A –    Gemeenschapsrecht

3.        Volgens artikel 2, lid 1, van de Zesde richtlijn zijn aan de belasting over de toegevoegde waarde onderworpen: „de leveringen van goederen en de diensten, welke in het binnenland door een als zodanig handelende belastingplichtige onder bezwarende titel worden verricht”.

4.        Artikel 4, lid 1, van de Zesde richtlijn bepaalt dat als belastingplichtige wordt beschouwd „ieder die, ongeacht op welke plaats, zelfstandig een van de in lid 2 omschreven economische activiteiten verricht, ongeacht het oogmerk of het resultaat van die activiteit”. Artikel 4, lid 2, luidt: „[...] economische activiteiten omvatten alle werkzaamheden van een fabrikant, handelaar of dienstverrichter [...].”

5.        Artikel 9 van de Zesde richtlijn, dat de plaats van diensten betreft, luidt:

„1.      Als plaats van een dienst wordt aangemerkt de plaats waar de dienstverrichter de zetel van zijn bedrijfsuitoefening of een vaste inrichting heeft gevestigd van waaruit hij de dienst verricht, of bij gebreke van een dergelijke zetel of vaste inrichting, zijn woonplaats of zijn gebruikelijke verblijfplaats.

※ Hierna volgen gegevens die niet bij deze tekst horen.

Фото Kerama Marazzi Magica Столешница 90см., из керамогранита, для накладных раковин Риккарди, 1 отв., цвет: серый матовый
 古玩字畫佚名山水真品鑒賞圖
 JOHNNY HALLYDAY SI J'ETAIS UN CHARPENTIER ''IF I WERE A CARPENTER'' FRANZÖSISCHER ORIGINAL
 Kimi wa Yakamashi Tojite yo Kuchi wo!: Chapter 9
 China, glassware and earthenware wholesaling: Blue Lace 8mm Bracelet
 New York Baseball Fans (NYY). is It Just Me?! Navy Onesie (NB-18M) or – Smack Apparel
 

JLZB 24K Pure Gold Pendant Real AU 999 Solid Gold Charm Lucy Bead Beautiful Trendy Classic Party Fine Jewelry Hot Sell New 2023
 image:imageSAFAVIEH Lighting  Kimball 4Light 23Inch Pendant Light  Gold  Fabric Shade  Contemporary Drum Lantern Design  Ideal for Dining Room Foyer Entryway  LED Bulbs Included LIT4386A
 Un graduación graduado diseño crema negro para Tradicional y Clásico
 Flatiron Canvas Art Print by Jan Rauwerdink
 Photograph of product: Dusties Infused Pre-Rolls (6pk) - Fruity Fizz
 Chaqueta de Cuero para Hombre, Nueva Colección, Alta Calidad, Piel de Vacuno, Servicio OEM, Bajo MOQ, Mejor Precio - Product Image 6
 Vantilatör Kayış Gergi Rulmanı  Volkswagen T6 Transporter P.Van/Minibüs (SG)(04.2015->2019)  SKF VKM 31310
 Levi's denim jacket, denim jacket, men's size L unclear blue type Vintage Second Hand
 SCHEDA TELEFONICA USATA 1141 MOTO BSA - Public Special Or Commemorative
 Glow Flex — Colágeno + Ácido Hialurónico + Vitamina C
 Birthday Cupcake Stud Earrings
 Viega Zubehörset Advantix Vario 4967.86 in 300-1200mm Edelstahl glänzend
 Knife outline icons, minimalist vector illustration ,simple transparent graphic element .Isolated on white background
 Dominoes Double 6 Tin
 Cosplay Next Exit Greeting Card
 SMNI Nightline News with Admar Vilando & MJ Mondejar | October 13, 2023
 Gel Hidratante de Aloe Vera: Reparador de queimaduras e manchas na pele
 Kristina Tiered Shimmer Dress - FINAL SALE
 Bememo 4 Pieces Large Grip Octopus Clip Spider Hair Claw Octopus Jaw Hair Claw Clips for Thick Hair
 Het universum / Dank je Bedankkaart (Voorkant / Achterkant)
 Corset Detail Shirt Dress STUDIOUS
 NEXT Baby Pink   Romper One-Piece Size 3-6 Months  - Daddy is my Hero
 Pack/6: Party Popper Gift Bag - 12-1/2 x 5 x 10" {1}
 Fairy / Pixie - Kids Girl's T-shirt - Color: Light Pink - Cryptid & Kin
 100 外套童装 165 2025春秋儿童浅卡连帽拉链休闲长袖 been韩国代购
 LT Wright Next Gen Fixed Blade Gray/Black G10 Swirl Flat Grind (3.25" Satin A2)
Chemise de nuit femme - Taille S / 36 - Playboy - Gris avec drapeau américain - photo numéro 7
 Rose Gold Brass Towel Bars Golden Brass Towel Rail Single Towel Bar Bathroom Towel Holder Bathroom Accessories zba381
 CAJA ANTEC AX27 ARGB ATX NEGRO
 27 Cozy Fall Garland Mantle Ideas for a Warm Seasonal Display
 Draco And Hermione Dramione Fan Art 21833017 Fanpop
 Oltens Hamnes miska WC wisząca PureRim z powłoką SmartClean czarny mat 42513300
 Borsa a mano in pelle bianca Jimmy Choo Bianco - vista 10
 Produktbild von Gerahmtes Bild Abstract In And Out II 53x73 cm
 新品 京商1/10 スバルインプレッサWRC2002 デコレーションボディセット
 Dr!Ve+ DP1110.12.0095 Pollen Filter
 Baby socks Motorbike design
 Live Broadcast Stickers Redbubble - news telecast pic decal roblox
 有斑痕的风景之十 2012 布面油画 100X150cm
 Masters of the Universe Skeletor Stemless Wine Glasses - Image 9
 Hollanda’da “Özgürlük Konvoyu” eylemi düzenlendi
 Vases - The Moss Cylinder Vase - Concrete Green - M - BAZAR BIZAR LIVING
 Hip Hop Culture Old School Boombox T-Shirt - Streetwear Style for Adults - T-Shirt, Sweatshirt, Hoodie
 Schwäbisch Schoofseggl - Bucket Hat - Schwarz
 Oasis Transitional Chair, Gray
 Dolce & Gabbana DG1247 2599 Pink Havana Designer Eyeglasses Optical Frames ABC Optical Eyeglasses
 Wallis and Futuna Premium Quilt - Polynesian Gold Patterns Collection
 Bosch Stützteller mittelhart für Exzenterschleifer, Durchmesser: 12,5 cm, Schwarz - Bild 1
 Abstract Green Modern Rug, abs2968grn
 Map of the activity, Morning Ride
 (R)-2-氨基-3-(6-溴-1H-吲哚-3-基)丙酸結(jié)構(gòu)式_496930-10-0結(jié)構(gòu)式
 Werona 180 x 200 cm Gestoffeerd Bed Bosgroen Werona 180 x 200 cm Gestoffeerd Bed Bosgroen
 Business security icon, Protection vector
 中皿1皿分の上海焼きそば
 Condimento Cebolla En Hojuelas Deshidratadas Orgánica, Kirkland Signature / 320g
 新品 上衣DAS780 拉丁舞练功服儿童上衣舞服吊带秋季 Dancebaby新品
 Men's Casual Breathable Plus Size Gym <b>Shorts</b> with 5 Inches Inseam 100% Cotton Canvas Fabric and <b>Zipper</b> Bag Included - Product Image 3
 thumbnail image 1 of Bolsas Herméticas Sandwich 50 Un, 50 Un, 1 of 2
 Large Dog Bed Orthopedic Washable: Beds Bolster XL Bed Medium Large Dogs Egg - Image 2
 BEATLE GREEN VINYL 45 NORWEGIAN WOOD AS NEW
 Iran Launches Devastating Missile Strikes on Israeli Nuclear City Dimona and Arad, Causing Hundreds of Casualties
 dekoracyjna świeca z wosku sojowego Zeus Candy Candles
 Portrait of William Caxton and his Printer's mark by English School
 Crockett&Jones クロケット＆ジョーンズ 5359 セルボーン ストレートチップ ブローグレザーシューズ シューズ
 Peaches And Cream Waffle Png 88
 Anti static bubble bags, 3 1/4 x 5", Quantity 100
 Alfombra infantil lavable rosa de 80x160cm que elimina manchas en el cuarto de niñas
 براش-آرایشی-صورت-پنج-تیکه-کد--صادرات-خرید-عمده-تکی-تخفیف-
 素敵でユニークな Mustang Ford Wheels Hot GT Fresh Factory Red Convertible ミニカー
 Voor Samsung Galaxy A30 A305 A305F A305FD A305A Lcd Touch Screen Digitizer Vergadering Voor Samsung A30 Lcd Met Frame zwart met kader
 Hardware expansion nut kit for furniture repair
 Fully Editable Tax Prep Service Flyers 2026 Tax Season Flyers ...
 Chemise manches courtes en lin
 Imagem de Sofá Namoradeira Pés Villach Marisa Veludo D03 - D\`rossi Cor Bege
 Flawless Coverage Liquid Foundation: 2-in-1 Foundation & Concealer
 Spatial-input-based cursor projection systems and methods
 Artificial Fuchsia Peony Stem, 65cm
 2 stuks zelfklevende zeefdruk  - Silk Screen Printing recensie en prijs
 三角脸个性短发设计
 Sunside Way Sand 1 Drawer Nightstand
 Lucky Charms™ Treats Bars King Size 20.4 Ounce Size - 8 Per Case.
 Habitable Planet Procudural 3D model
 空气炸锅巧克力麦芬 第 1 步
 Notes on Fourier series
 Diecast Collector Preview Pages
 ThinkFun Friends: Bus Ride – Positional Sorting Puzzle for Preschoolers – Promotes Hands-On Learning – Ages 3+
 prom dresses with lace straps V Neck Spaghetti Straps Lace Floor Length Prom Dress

2.      In afwijking hiervan is:

[...]

e)      de plaats van de hieronder vermelde diensten, die worden verleend aan ontvangers die buiten de Gemeenschap zijn gevestigd of aan belastingplichtigen die weliswaar in de Gemeenschap doch buiten het land van de dienstverrichter zijn gevestigd, de plaats waar de ontvanger de zetel van zijn bedrijfsuitoefening of een vaste inrichting heeft gevestigd waarvoor de dienst is verricht, of bij gebreke van een dergelijke zetel of vaste inrichting, zijn woonplaats of zijn gebruikelijke verblijfplaats:

[...]

–        diensten verricht door raadgevende personen, ingenieurs, adviesbureaus, advocaten, accountants en andere soortgelijke diensten, alsmede informatieverwerking en -verschaffing;

[...]”

6.        Artikel 21, lid 1, sub b, van de Zesde richtlijn bepaalt dat belasting over de toegevoegde waarde is verschuldigd:

„door de ontvanger van een dienst als bedoeld in artikel 9, lid 2, sub e, verricht door een in het buitenland gevestigde belastingplichtige; de lidstaten kunnen evenwel bepalen dat de dienstverrichter hoofdelijk verplicht is de belasting te voldoen”.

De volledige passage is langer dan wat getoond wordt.